His paternal grandparents were John Cooke (d. 10 October 1515), esquire, of Gidea Hall, Essex, and Alice Saunders (d. 1510), daughter and coheiress of William Saunders of Banbury, Oxfordshire by Jane Spencer, daughter of John Spencer, esquire, of Hodnell, Warwickshire.

He was a Member (MP) of the Parliament of England for Stamford in 1559 and Grantham in 1563.

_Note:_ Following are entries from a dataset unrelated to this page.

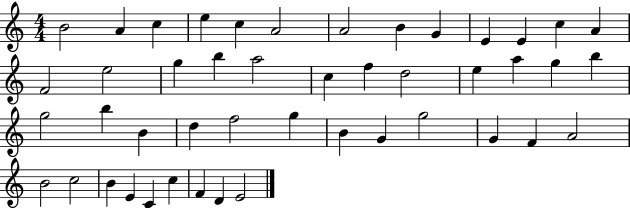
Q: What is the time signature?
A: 4/4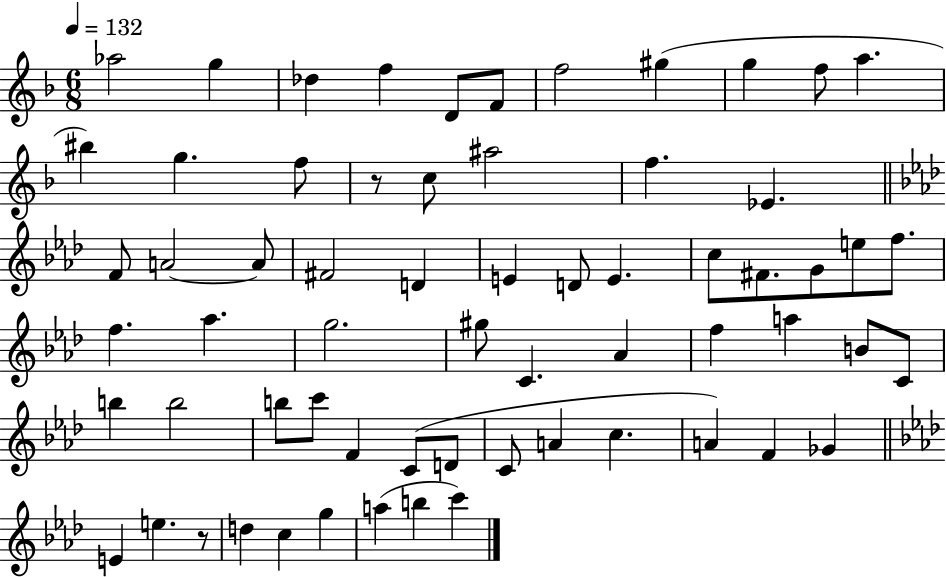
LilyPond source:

{
  \clef treble
  \numericTimeSignature
  \time 6/8
  \key f \major
  \tempo 4 = 132
  \repeat volta 2 { aes''2 g''4 | des''4 f''4 d'8 f'8 | f''2 gis''4( | g''4 f''8 a''4. | \break bis''4) g''4. f''8 | r8 c''8 ais''2 | f''4. ees'4. | \bar "||" \break \key f \minor f'8 a'2~~ a'8 | fis'2 d'4 | e'4 d'8 e'4. | c''8 fis'8. g'8 e''8 f''8. | \break f''4. aes''4. | g''2. | gis''8 c'4. aes'4 | f''4 a''4 b'8 c'8 | \break b''4 b''2 | b''8 c'''8 f'4 c'8( d'8 | c'8 a'4 c''4. | a'4) f'4 ges'4 | \break \bar "||" \break \key f \minor e'4 e''4. r8 | d''4 c''4 g''4 | a''4( b''4 c'''4) | } \bar "|."
}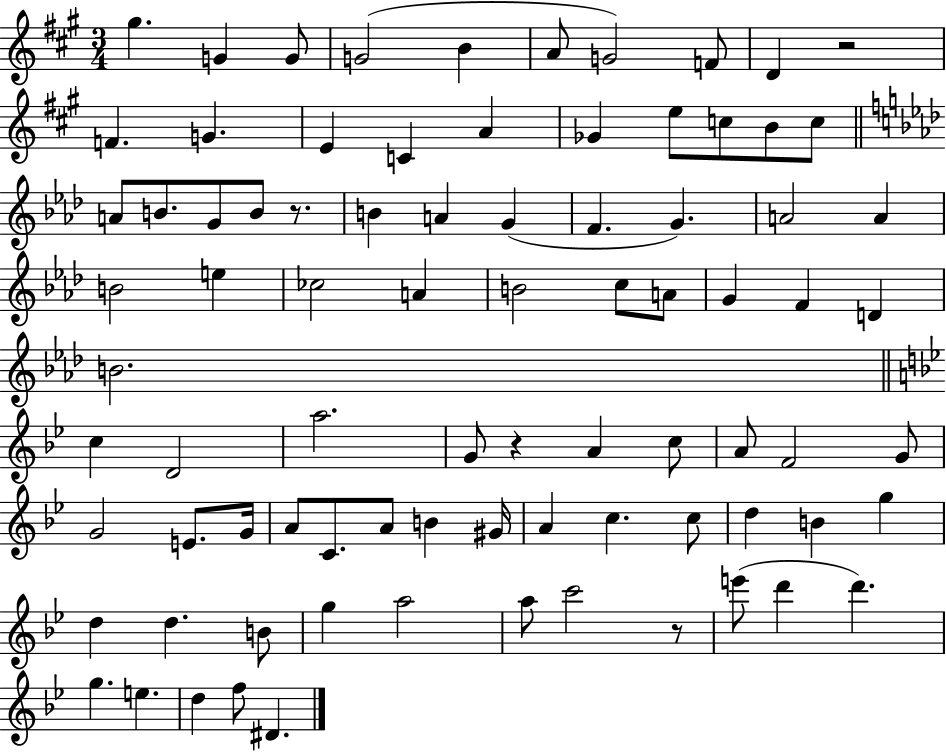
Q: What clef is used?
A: treble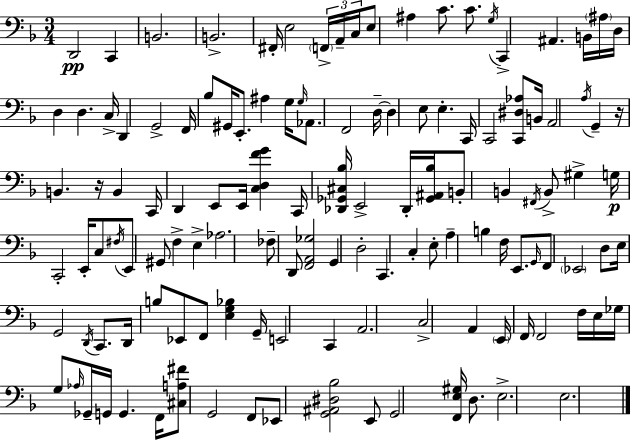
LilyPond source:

{
  \clef bass
  \numericTimeSignature
  \time 3/4
  \key f \major
  \repeat volta 2 { d,2\pp c,4 | b,2. | b,2.-> | fis,16-. e2 \tuplet 3/2 { \parenthesize f,16-> a,16-- c16 } | \break e8 ais4 c'8. c'8. | \acciaccatura { g16 } c,4-> ais,4. b,16 | \parenthesize ais16 d16 d4 d4. | c16-> d,4 g,2-> | \break f,16 bes8 gis,16 e,8.-. ais4 | g16 \grace { g16 } aes,8. f,2 | d16--~~ d4 e8 e4.-. | c,16 c,2 <c, dis aes>8 | \break b,16 a,2 \acciaccatura { a16 } g,4-- | r16 b,4. r16 b,4 | c,16 d,4 e,8 e,16 <c d f' g'>4 | c,16 <des, ges, cis bes>16 e,2-> | \break des,16-. <ges, ais, bes>16 b,8-. b,4 \acciaccatura { fis,16 } b,8-> | gis4-> g16\p c,2-. | e,16-. c8 \acciaccatura { fis16 } e,8 gis,8 f4-> | e4-> aes2. | \break fes8-- d,8 <f, a, ges>2 | g,4 d2-. | c,4. c4-. | e8-. a4-- b4 | \break f16 e,8. \grace { g,16 } f,8 \parenthesize ees,2 | d8 e16 g,2 | \acciaccatura { d,16 } c,8. d,16 b8 ees,8 | f,8 <e g bes>4 g,16-- e,2 | \break c,4 a,2. | c2-> | a,4 \parenthesize e,16 f,16 f,2 | f16 e16 ges16 g8 \grace { aes16 } ges,16-- | \break g,16 g,4. f,16 <cis a fis'>8 g,2 | f,8 ees,8 <g, ais, dis bes>2 | e,8 g,2 | <f, e gis>16 d8. e2.-> | \break e2. | } \bar "|."
}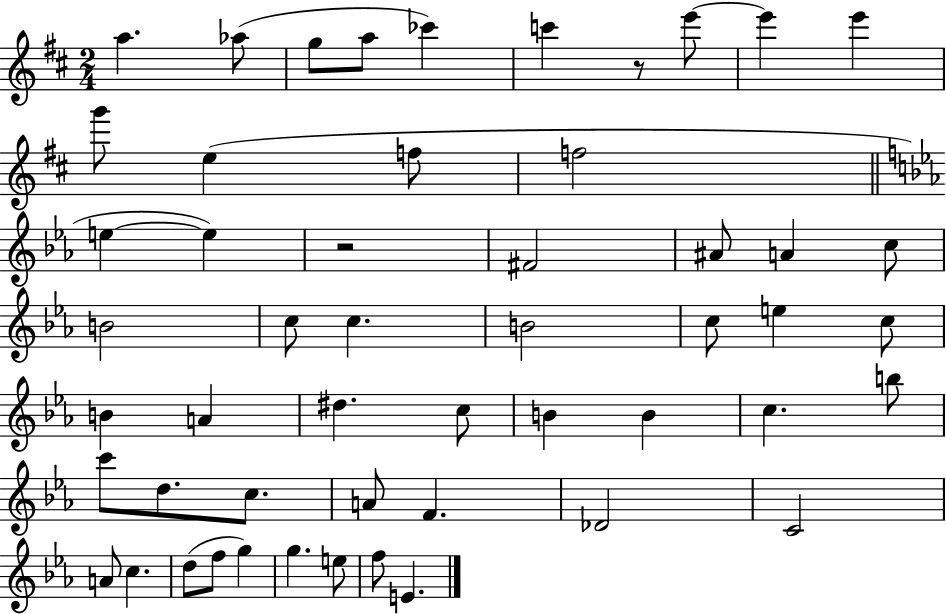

He married Frances Grey, daughter of Lord John Grey of Pirgo and Mary Browne, by whom he had four sons and three daughters, including:
- Sir Richard Cooke MP (1561–1616), Secretary of State for Ireland
- William Cooke (1572–1619) of Highnam, Gloucestershire, who married Joyce Lucy, granddaughter of Sir Thomas Lucy of Charlecote,
- Edward Cooke (born 1576)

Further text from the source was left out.